How can I convert the above script to parse the file only once (sort & uniq), then redirect output to two different streams and display lines side-by-side, so it can work quicker for the larger files?


Here is my another attempt:

tee >(calc_md5) >(cat -) \
      < <(sort "$file" | uniq) \
      >/dev/null
times

but it prints the streams separately (not side-by-side).
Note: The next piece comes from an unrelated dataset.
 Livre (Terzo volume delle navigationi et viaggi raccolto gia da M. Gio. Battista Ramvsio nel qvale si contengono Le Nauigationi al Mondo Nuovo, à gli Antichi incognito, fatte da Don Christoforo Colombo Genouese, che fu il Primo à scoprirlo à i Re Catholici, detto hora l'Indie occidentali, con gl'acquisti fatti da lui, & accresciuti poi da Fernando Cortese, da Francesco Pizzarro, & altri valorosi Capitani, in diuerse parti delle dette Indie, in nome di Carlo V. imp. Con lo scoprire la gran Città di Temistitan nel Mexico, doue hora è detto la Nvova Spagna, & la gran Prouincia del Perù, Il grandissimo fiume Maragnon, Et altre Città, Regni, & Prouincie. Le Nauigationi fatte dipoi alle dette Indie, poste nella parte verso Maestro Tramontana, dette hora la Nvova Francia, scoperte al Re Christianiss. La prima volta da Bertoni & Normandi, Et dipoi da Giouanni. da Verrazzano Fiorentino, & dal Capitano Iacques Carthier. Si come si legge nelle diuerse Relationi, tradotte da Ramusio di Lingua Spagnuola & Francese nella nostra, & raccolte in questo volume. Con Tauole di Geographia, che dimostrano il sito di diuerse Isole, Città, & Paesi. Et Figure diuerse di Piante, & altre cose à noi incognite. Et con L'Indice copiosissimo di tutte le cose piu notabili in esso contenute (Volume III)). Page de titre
Ideally, I'd like to use paste, the same way as tee, however it gives me the error:

$ paste >(cat -) >(cat -) </etc/hosts
paste: /dev/fd/63: Permission denied
kenorb
  • 20,988
  • 1
    @DavidFoerster Entire stream will give different checksum, I need the checksum generated for each line. I've used md5sum to simplify the script, my original use case was to find partial SHA conflicts by: alias calc_sha="php -r 'while(\$line = fgets(STDIN)){ echo substr(sha1(strtok(\$line, PHP_EOL)), 6, 9) . PHP_EOL; };'" in large list of IDs (but it's the topic for another question), so ideally I'd like to not invoke separate instances for performance reasons, but work with streams. But any information about dealing with multiple streams is useful. – kenorb Mar 04 '18 at 21:03
  • @kenorb: Ah, my mistake! I thought you were running md5sum -c in "check" mode for some reason. Although I would still find it more readable and cleaner do define an equivalent function instead of an alias. – David Foerster Mar 04 '18 at 23:19

3 Answers3

8

If you want to display two things side by side you could just use printf for formatted printing.

#!/bin/bash
sort "$1" | uniq | while read line; do
    md5=$(md5sum <<< "$line")
    printf "%s %s\n" "$md5" "$line"
done 
times
terdon
  • 242,166
Captain Wobbles
  • 366
  • 1
  • 5
5

A couple of Perl approaches:

  1. Use Perl to get the md5sum

    $ perl -ne 'BEGIN{  
                    use Digest::MD5  qw(md5_hex)
                } 
                $k{$_}=md5_hex("$_"); 
                END{
                    print "$k{$_} - $_" for sort keys(%k)
                }' file
    5c2ce561e1e263695dbd267271b86fb8 - line 1
    83e7cfc83e3d1f45a48d6a2d32b84d69 - line 2
    0f2d633163ca585e5fc47a510e60f1ff - line 3
    73bb3632fc91e9d1e1f7f0659da7ec5c - line 4
    d82912361d84a675530f5e32aa6eeda1 - line 5
    

    And yes, this is a one liner:

    perl -ne 'BEGIN{use Digest::MD5  qw(md5_hex)} $k{$_}=md5_hex("$_"); END{print "$k{$_} - $_" for sort keys(%k)}' file
    

    This should be much faster than doing this sort of processing in the shell.

  2. Use a system call

    $ perl -lne 'chomp($md=`md5sum <<<"$_"`); print "$md $_" if !$seen{$_}++' file
    83e7cfc83e3d1f45a48d6a2d32b84d69  - line 2
    0f2d633163ca585e5fc47a510e60f1ff  - line 3
    d82912361d84a675530f5e32aa6eeda1  - line 5
    73bb3632fc91e9d1e1f7f0659da7ec5c  - line 4
    5c2ce561e1e263695dbd267271b86fb8  - line 1
    
terdon
  • 242,166
  • 2
    Your 2, part has several issues, like need a zsh-compatible sh for <<<, is an ACE vulnerability ($_ interpreted as shell code!), and of course is going to be even less efficient than a while read loop as you're also running one shell per line (not even one unique line) in addition to one md5sum. – Stéphane Chazelas Mar 05 '18 at 12:01
  • @StéphaneChazelas indeed. Ibasically added it for fun and because the OP was using the external command. I'd use option 1 myself or, even better, your much simplified version. – terdon Mar 05 '18 at 12:16
2

Going for a while read loop has many of the issues mentioned at Why is using a shell loop to process text considered bad practice?

Here, I'd use perl:

sort -u < "$file" | perl -MDigest::MD5=md5_hex -lpe '
  $_ = md5_hex($_) . " - " . $_'

Your more general question looks like a duplicate of or variation on tee + cat: use an output several times and then concatenate results

Note that it's not because two lines sort the same (meaning sort -u retains only one) that they will be identical and have the same MD5 checksum. You may want to use LC_ALL=C sort -u for the sorting and uniquing to be based on a byte-to-byte comparison as opposed to strcoll() (also beware some sort implementations could choke on non-text input which in the C locale would still include too-long lines, unterminated lines or lines containing NUL characters).